• _Your goal_:
Transcribe only the lines in the data below falling between the line with "Fila skarpetki dziecięce" and the line with "a.n.a Lavender Knit", including those two lines, and leave out any picture.
##### Records supplied #####
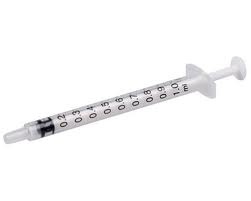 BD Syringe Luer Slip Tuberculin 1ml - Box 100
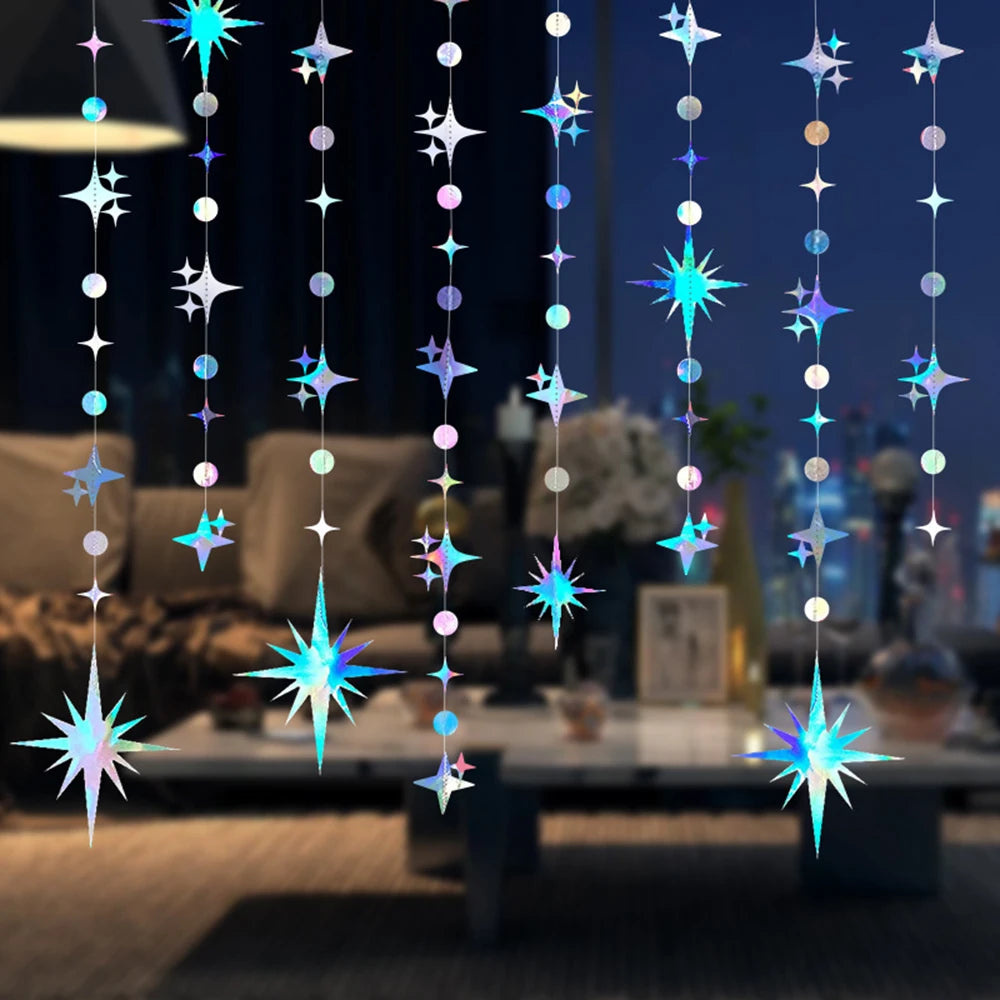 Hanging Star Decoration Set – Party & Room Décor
#####
##### Records supplied #####
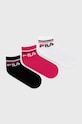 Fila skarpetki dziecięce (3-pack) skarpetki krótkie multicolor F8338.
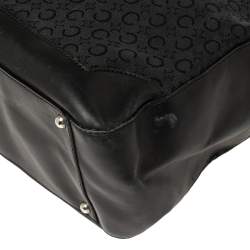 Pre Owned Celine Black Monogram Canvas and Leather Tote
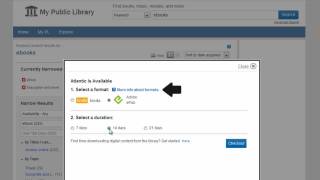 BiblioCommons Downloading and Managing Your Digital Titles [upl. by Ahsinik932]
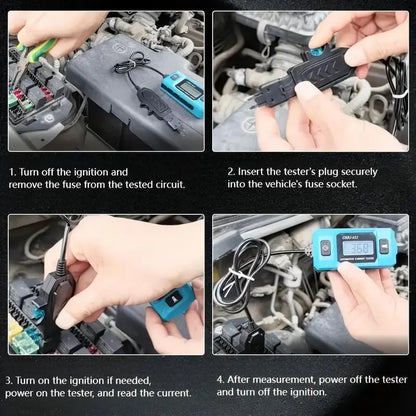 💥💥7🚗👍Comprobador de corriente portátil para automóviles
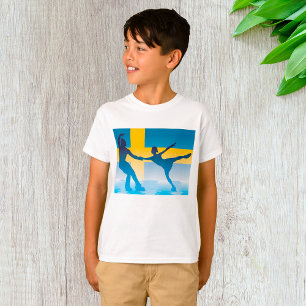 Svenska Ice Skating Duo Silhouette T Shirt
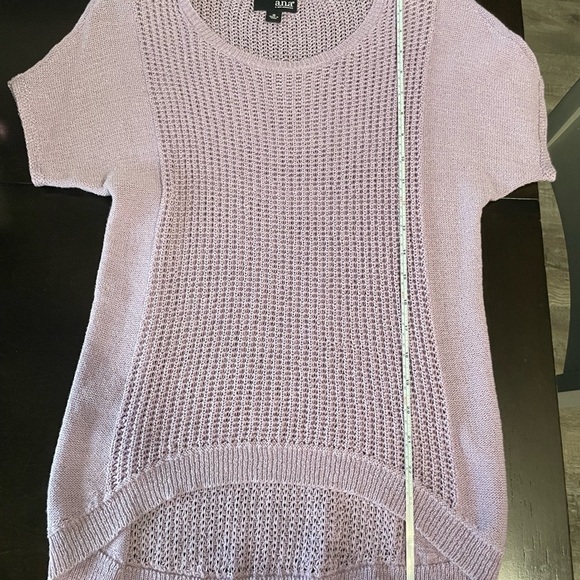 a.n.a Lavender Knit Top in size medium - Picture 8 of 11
#####
##### Records supplied #####
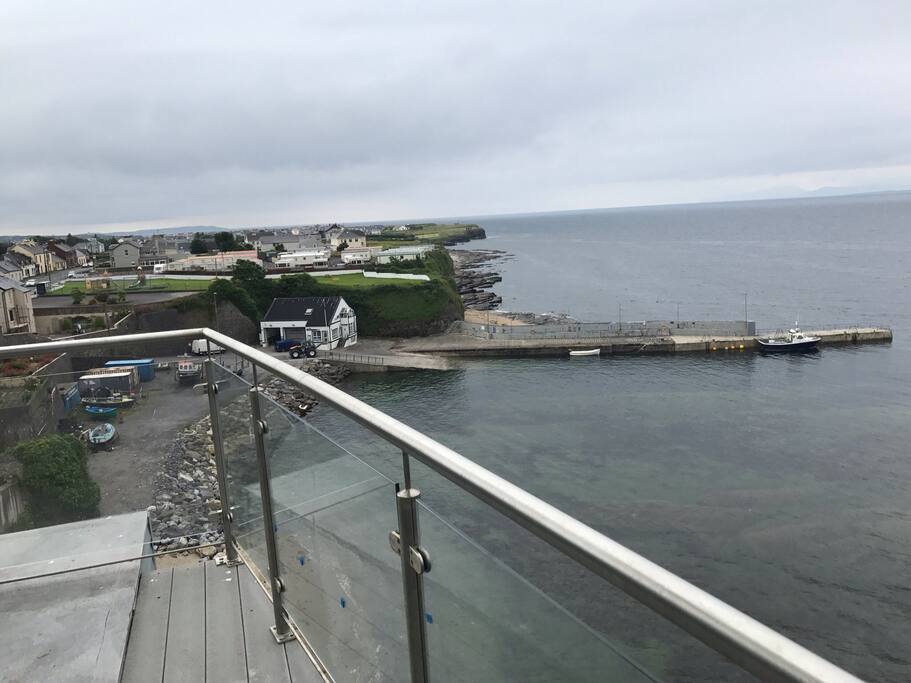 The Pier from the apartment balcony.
#####
• _Reply_:
 Fila skarpetki dziecięce (3-pack) skarpetki krótkie multicolor F8338.
 Pre Owned Celine Black Monogram Canvas and Leather Tote
 BiblioCommons Downloading and Managing Your Digital Titles [upl. by Ahsinik932]
 💥💥7🚗👍Comprobador de corriente portátil para automóviles
 Svenska Ice Skating Duo Silhouette T Shirt
 a.n.a Lavender Knit Top in size medium - Picture 8 of 11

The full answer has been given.